The Politics of Silicon Valley, AI and Data

02 June 2022

IMPAKT TV, Utrecht, Netherlands | Website

The Doors

For our upcoming IMPAKT TV episode, we dive into the world of Silicon Valley, AI, bodies and data. Join us on 2 June for a new episode of IMPAKT TV: a series of monthly online shows in which we highlight the work of one special guest and reflect with them on the latest news and trends in art, technology and media. This episode, we talk with Zach Blas: an artist, filmmaker and writer whose practice spans moving image, computation, queer theory, performance, and science fiction.

We can no longer imagine a world without advanced technology. It has been smoothly incorporated into our lives, at a pace that moves faster than we do. The newest AI developments seem to make our lives easier, but we need to bear in mind: technology is never neutral. Zach Blas critically explores these developments and pays attention to the imaginaries and philosophies that surround AI and big tech. His work is a continuous interrogation of the politics of AI.

How can we make sense of new forms of artificial intelligence? How do these systems reflect and reproduce structures of in- and exclusion? What are the challenges of biometric surveillance and predictive policing? What are the implications of reducing human bodies to data? These questions take on a central position in Zach Blas’ work, which often leaves the audience with an uncanny feeling. By using various media such as video, computation and performance, Blas holds a critical stance towards the recent developments in Silicon Valley.
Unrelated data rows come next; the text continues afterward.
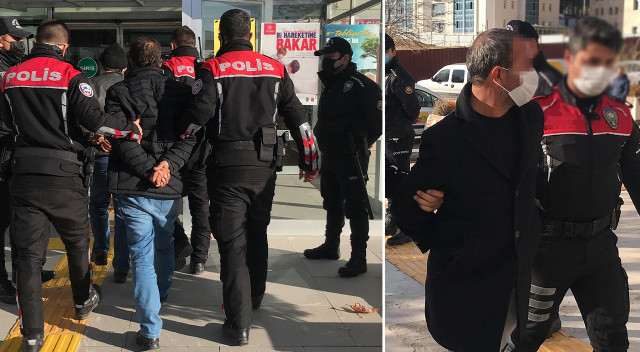 18 yıllık cinayette kan donduran ifadeler! 18 yıllık cinayette kan donduran ifadeler!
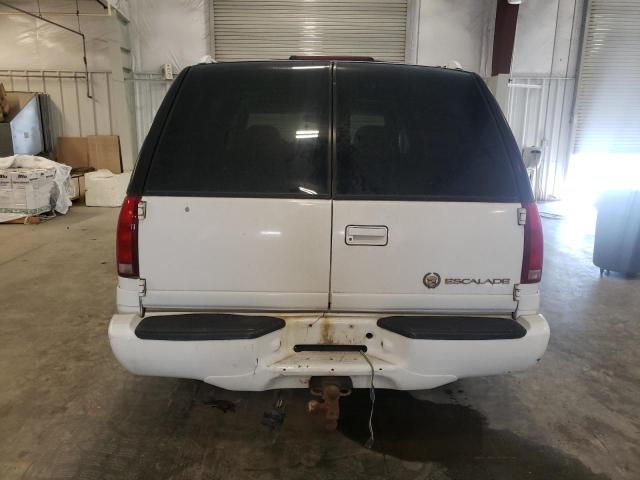 Photo 5 VIN: 1GYEK13R5YR118997 - CADILLAC ESCALADE 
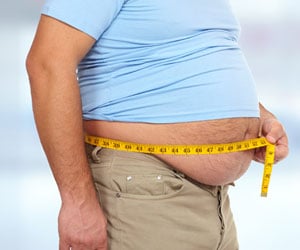 Obesity Increases Risk of Invasive Penile Cancer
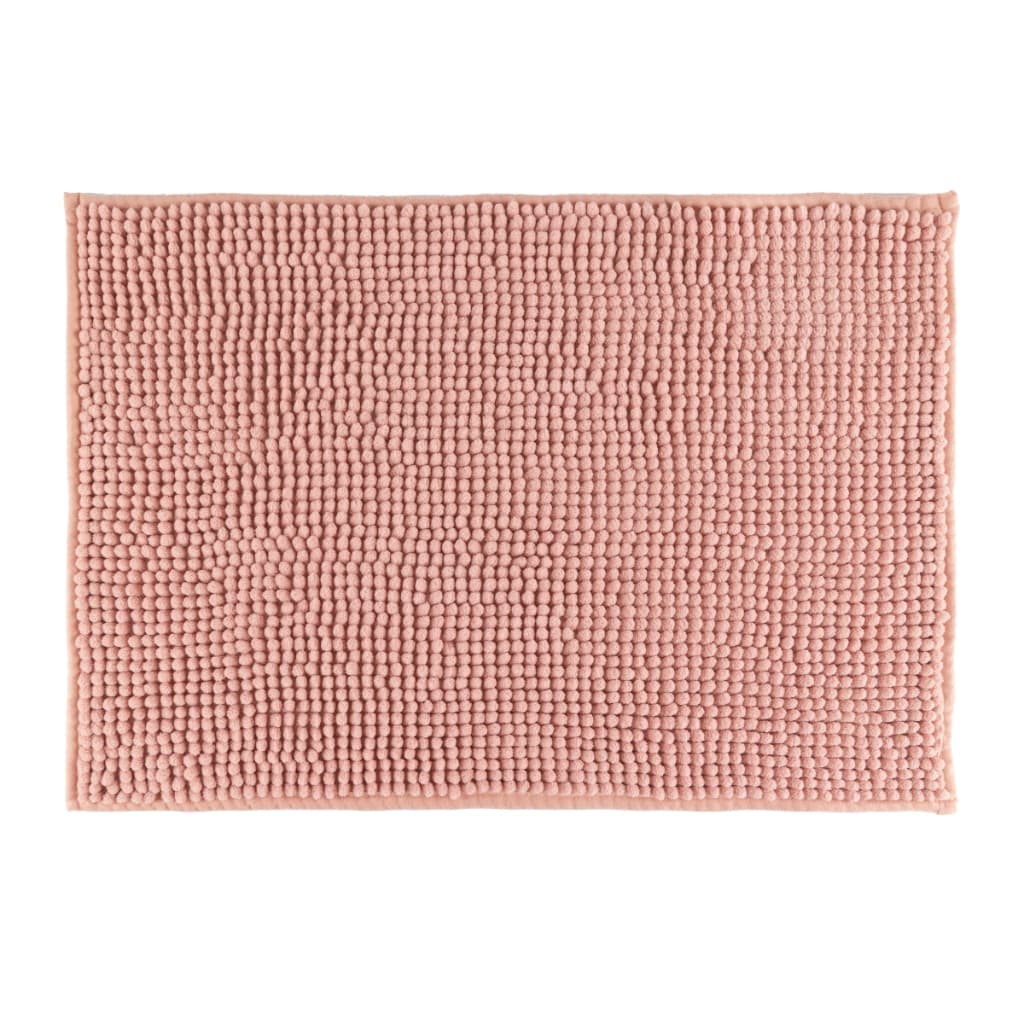 TAPETE DE DEDINHO COM ANTIDERRAPANTE, 60cm x 40cm, PARA BANHEIRO, COZINHA E SALA.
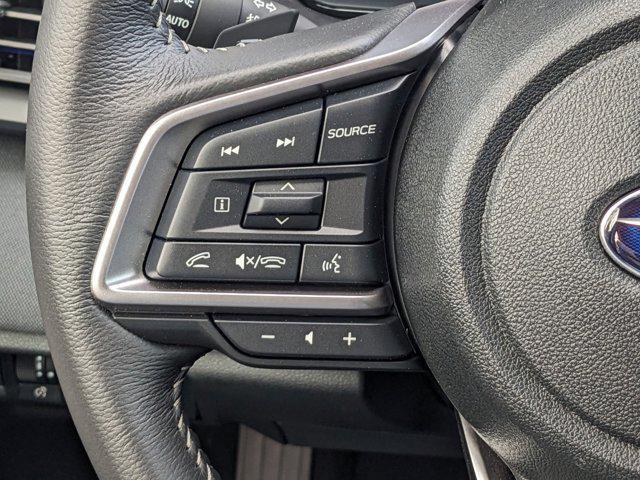 new 2025 Subaru Outback car, priced at $32,125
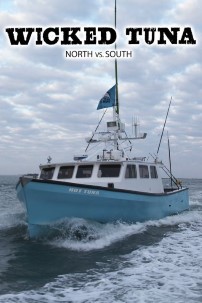 Wicked Tuna: North vs. South – Season 7 Wicked Tuna: North vs. South – Season 7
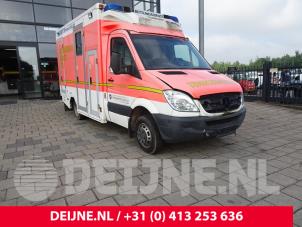 Mercedes Sprinter Hauptbremszylinder O187016 Spenderfahrzeug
Last year, his work The Doors (2019) was featured in the IMPAKT Web project Weird Gnosis: an online exhibition bringing together works of video and performance art to take you on a journey into some of the weirder parts of the web. Here, Zach Blas looks closely at Silicon Valley’s connections to the Californian counterculture of the 1960s, exploring psychedelia, drug use and artificial intelligence.